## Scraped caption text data

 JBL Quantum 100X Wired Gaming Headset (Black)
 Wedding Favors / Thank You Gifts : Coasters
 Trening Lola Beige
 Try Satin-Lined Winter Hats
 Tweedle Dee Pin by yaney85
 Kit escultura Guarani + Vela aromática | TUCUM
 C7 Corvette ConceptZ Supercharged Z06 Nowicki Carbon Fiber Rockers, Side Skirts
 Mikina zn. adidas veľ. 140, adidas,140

==

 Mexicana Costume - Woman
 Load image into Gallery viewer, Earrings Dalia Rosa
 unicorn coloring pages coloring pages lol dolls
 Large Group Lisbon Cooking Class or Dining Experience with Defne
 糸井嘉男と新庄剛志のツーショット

## What the task asks
Look above for the line containing "Trening Lola Beige". Output from there through the line containing "Mikina zn. adidas veľ. 140, adidas,140", exactly and inclusively.

## Answer to the problem
 Trening Lola Beige
 Try Satin-Lined Winter Hats
 Tweedle Dee Pin by yaney85
 Kit escultura Guarani + Vela aromática | TUCUM
 C7 Corvette ConceptZ Supercharged Z06 Nowicki Carbon Fiber Rockers, Side Skirts
 Mikina zn. adidas veľ. 140, adidas,140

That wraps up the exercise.